Burning (Beoning) made it to the Oscar shortlist for foreign language films, but didn’t get a nomination. That’s too bad, because from my point-of-view it’s a better film than at least two of the nominees for 2019.
Inspired by a short story by Haruki Murakami and directed by Lee Chang-dong, Burning is told from the point-of-view of Lee Jong-su (Yoo Ah-in). The son of a farmer who is in trouble with the law because of his violent behavior, Jong-su works as a delivery boy, but he has a passion for literature and wants to be a writer. One day, he is spotted by sexy, flighty Haemi (Jun Jong-seo), who reminds him that they grew up together and he once called her “Ugly.” She takes him back to her apartment and they make love. Jong-su is smitten. When Haemi announces that she is going away to Africa for a while, she gives Jong-su her key and asks him to take care of her cat while she is gone. He does so, although he never actually encounters the cat.
When Haemi returns, she asks Jong-su to meet her at the airport. She is accompanied by her new friend Ben, a rich young man, who drives a Porsche. (Ben, by the way, is played by Stephen Yeun, a regular on the TV series “The Walking Dead.”) Jong-su is understandably disappointed, but he goes along. When he first visits Ben’s condo, he is awed by the wealth and luxury. His reaction is reminiscent of Giulietta Masina’s reaction when a famous actor takes her to his apartment in Federico Fellini’s The Nights of Cabiria. But whereas for the prostitute played by Masina, it is like a dream briefly come true, what Jong-su finds is more sinister. Why does Ben keep women’s jewels hidden in his bathroom?
Ben comes across like a fusion between Ted Bundy, the handsome and charming serial killer, and Donald Trump, a spoiled rich kid who believes that because he was born rich, the laws that apply to people who weren’t born rich don’t apply to him.

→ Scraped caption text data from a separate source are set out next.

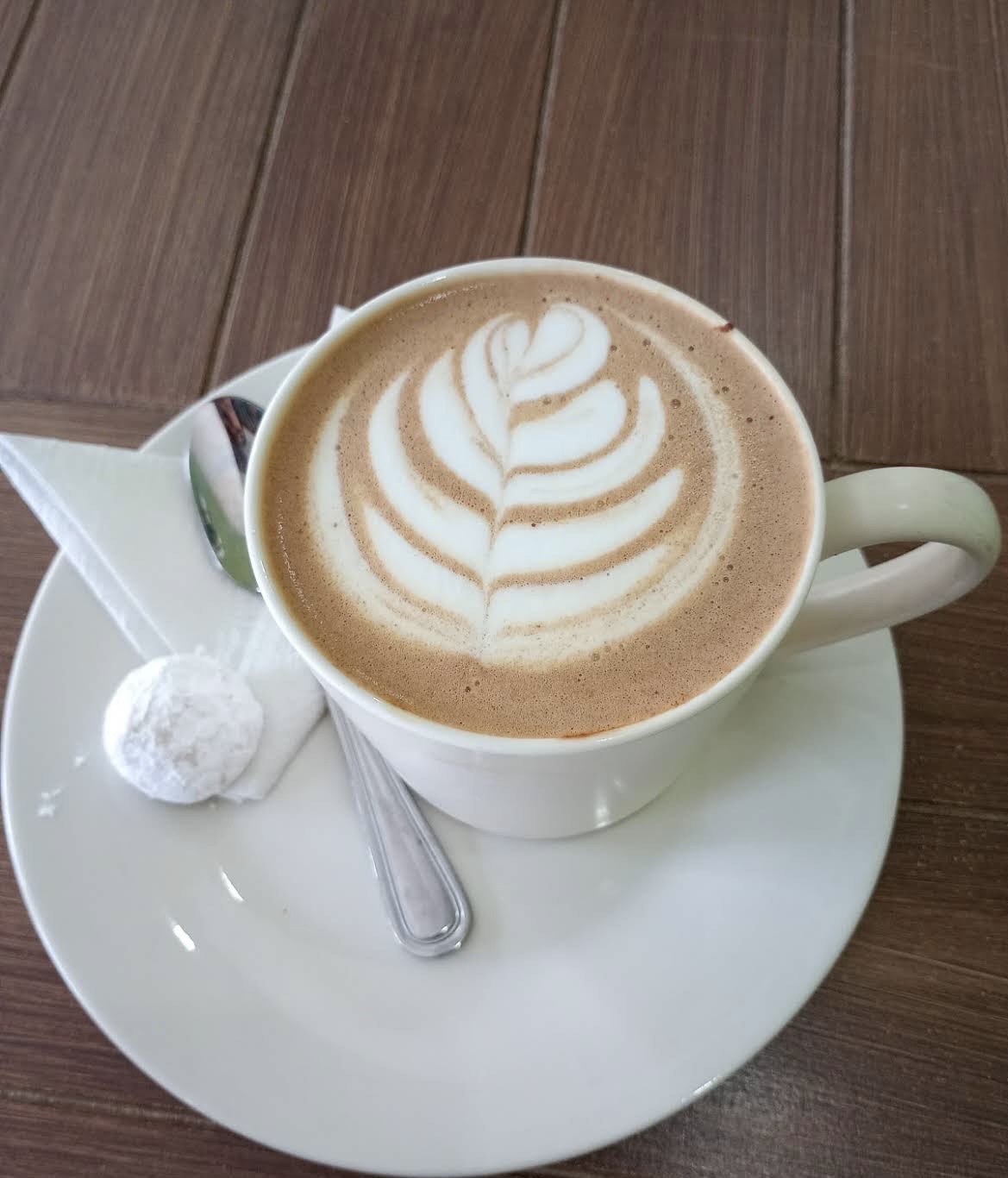 Interior Casa Margarita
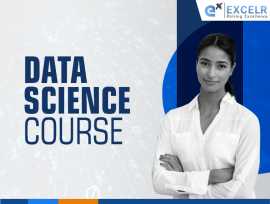 Data Science Course, Bengaluru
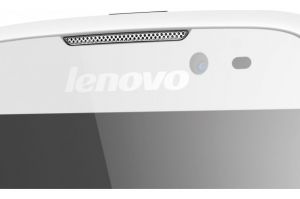 Смартфон Lenovo A516 White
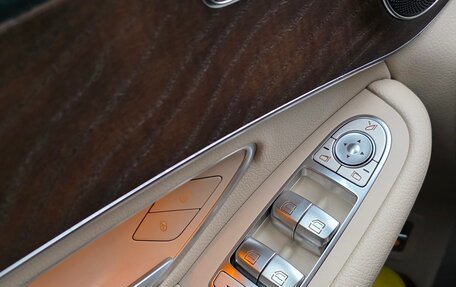 Mercedes-Benz GLC, 2021 год, 4 890 000 рублей, 16 фотография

Ben does, however, appear to take a genuine interest in Jong-su because of their shared interest in literature.
Ben and Haemi pay a visit to Jong-su at his family farm, which he is forced to tend to because of his father’s legal woes. Ben explains that he has an odd hobby: burning down greenhouses…and he plans to destroy one nearby. After Ben and Haemi leave, Jong-su searches for a burned down greenhouse, but doesn’t find one. When Haemi disappears, it gradually dawns on Jong-su that maybe it isn’t literal greenhouses that Ben destroys.
I saw Burning at the Asian World Film Festival. The screening was followed by a fascinating discussion by Lee Chang-dong. He struck me not so much as a filmmaker, but as a philosopher who has chosen filmmaking to express himself.